[Scraped caption text data]
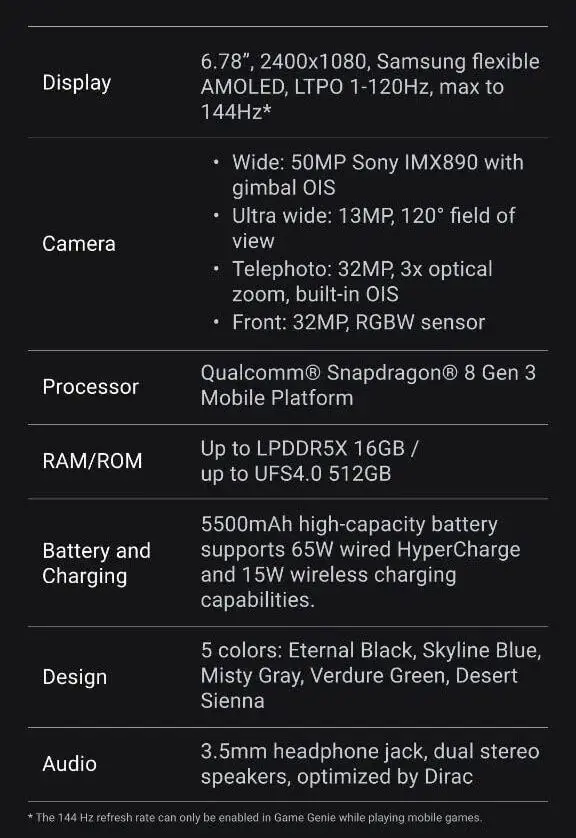 Zenfone 11 Ultra: rivelazioni da render e Specifiche Tecniche 6 image 51 1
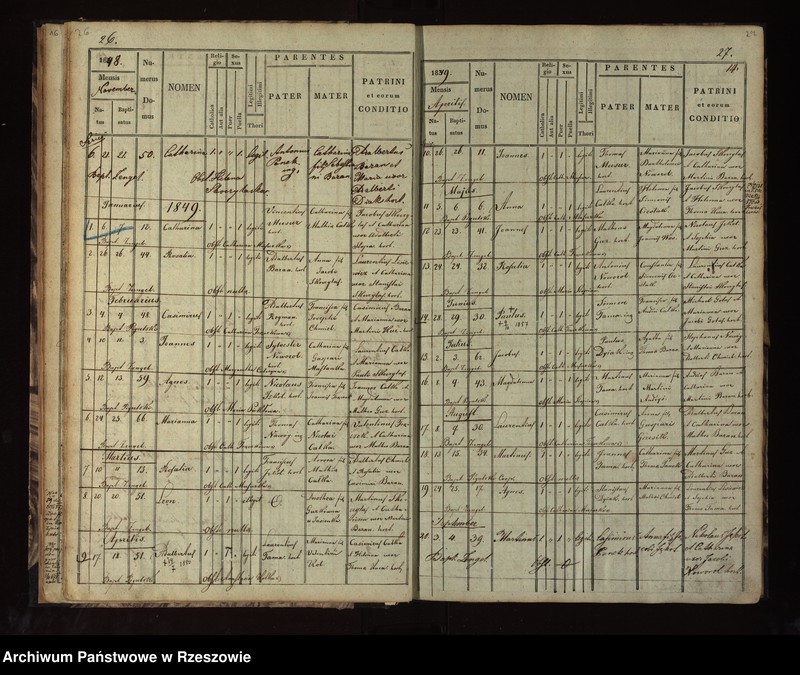 image.from.unit.number "Księga akt urodzeń, małżeństw Węgliska - tom I"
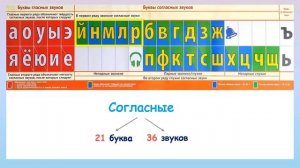 Звонкие и глухие согласные. Как различать звонкие и глухие согласные звуки?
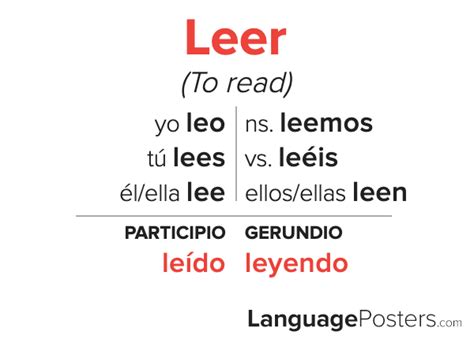 Leer Present Tense Conjugation Uno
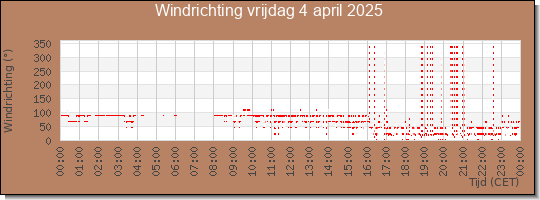 24 uurs windrichting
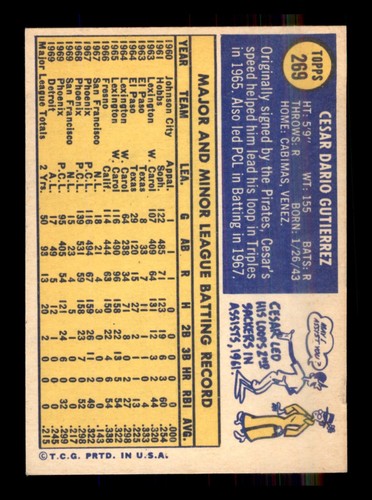 1970 TOPPS BASEBALL 190 TO 393 / SEE DROP DOWN MENU FOR CARD YOU WILL RECEIVE. - Picture 66 of 262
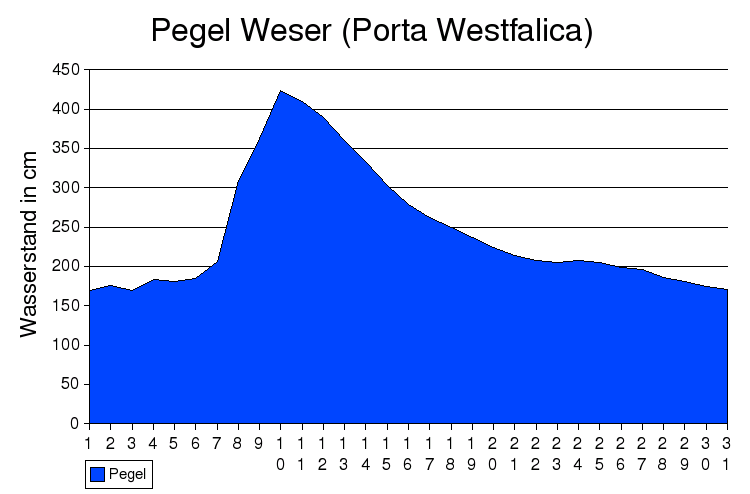 pegel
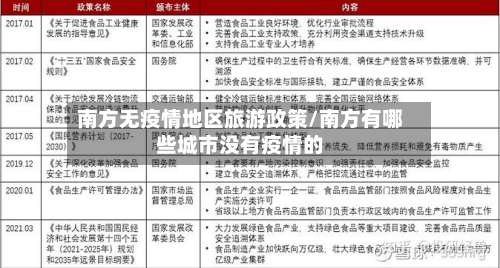 南方无疫情地区旅游政策/南方有哪些城市没有疫情的-第1张图片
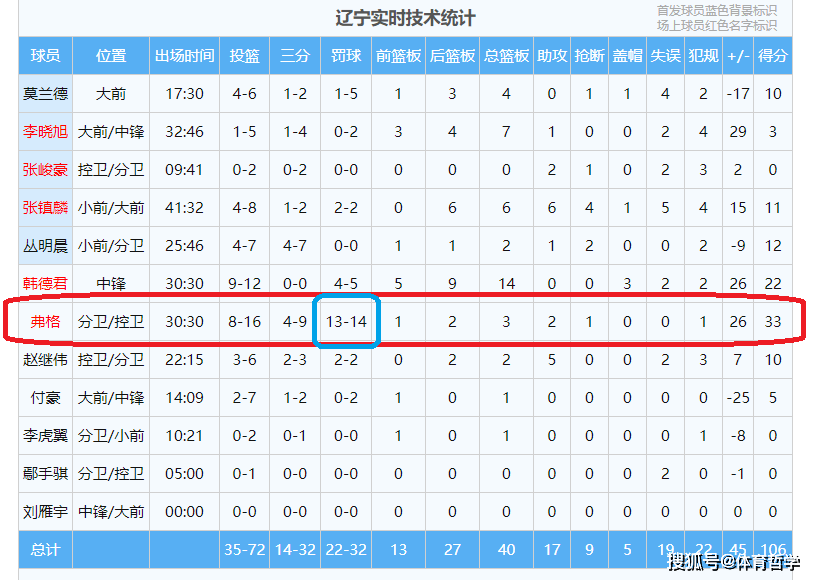 168体育-广东队罚球不如辽宁队1人多！杨鸣-CBA篮球职业联赛最会制造罚球的选手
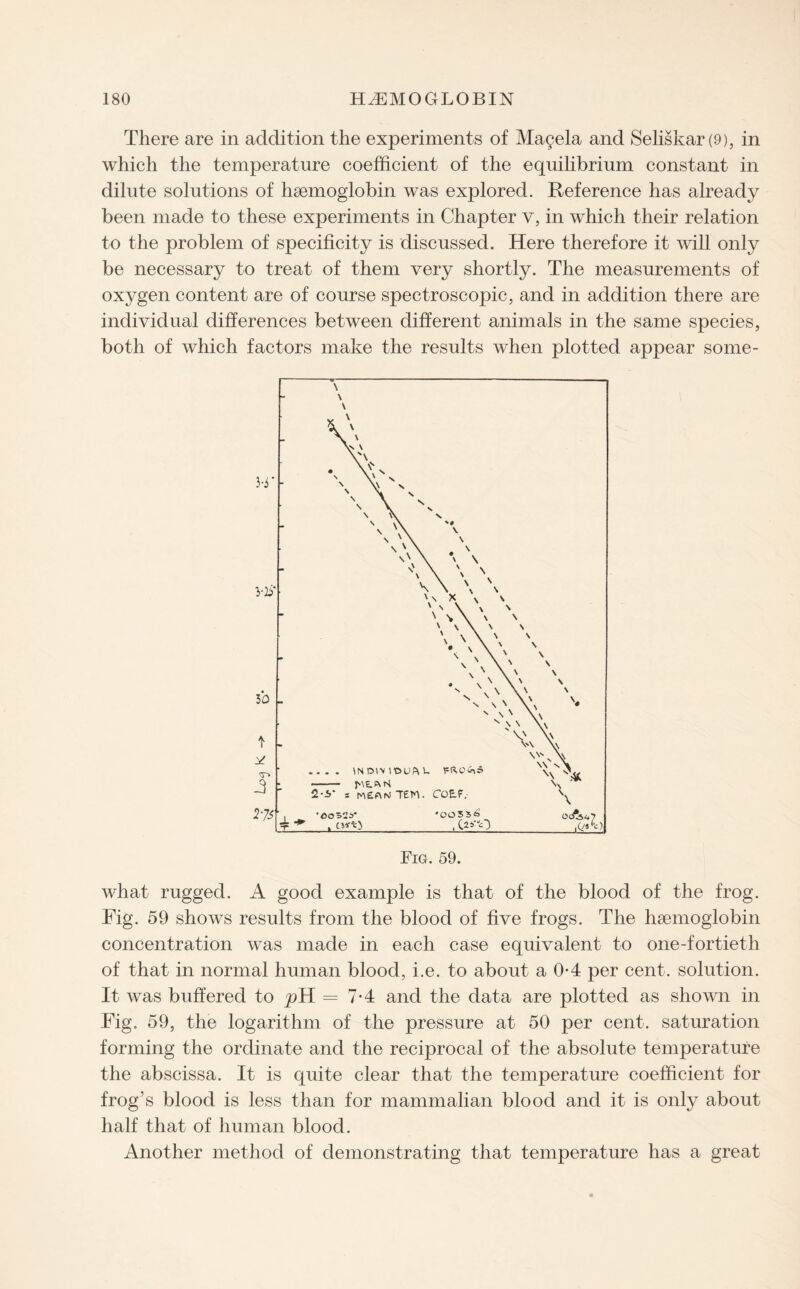 There are in addition the experiments of Magela and Seliskar (9), in which the temperature coefficient of the equilibrium constant in dilute solutions of haemoglobin was explored. Reference has already been made to these experiments in Chapter v, in which their relation to the problem of specificity is discussed. Here therefore it will only be necessary to treat of them very shortly. The measurements of oxygen content are of course spectroscopic, and in addition there are individual differences between different animals in the same species, both of which factors make the results when plotted appear some¬ what rugged. A good example is that of the blood of the frog. Fig. 59 shows results from the blood of five frogs. The haemoglobin concentration was made in each case equivalent to one-fortieth of that in normal human blood, i.e. to about a 0-4 per cent, solution. It was buffered to pH =7*4 and the data are plotted as shown in Fig. 59, the logarithm of the pressure at 50 per cent, saturation forming the ordinate and the reciprocal of the absolute temperature the abscissa. It is quite clear that the temperature coefficient for frog’s blood is less than for mammalian blood and it is only about half that of human blood. Another method of demonstrating that temperature has a great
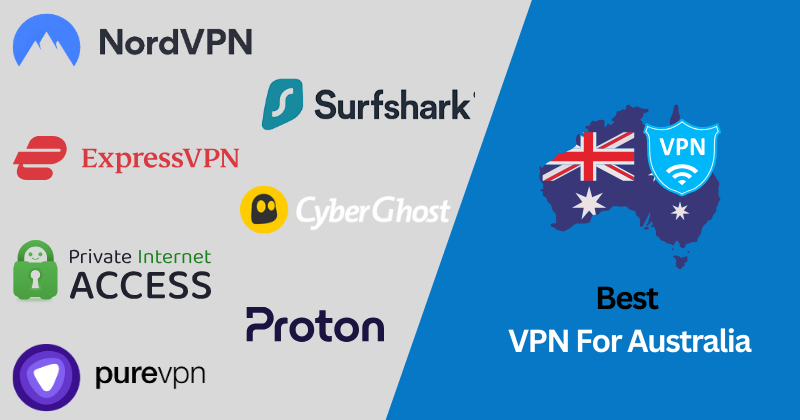 best VPN for Australia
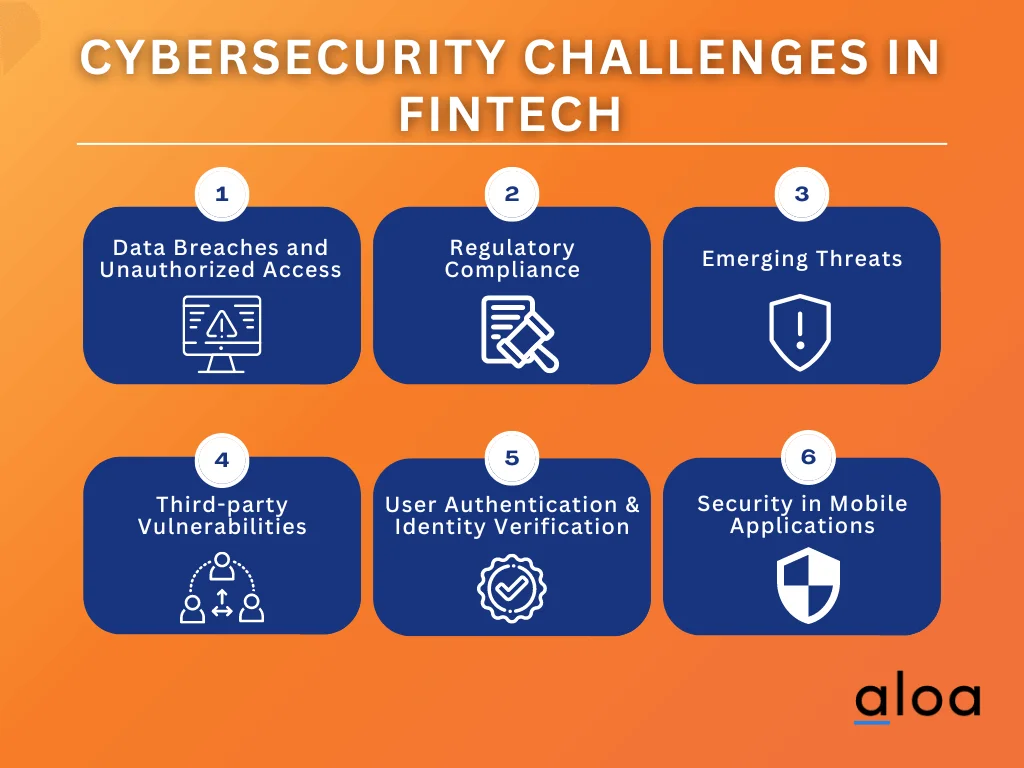 Cyber Security Challenges in Fintech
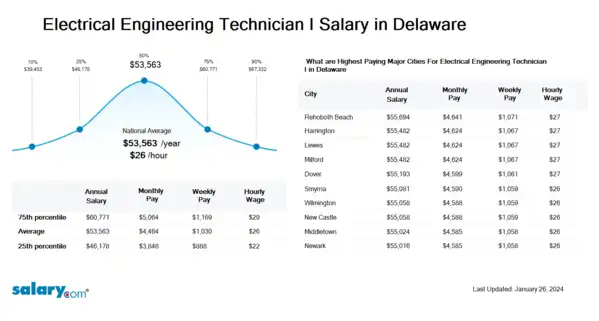 Electrical Engineering Technician I Salary in Delaware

What the task asks
Exact copy, pictures excluded: every line above from the one containing "1970 TOPPS BASEBALL" to the one containing "168体育-广东队罚球不如辽", inclusive, and nothing more.

Output below
 1970 TOPPS BASEBALL 190 TO 393 / SEE DROP DOWN MENU FOR CARD YOU WILL RECEIVE. - Picture 66 of 262
 pegel
 南方无疫情地区旅游政策/南方有哪些城市没有疫情的-第1张图片
 168体育-广东队罚球不如辽宁队1人多！杨鸣-CBA篮球职业联赛最会制造罚球的选手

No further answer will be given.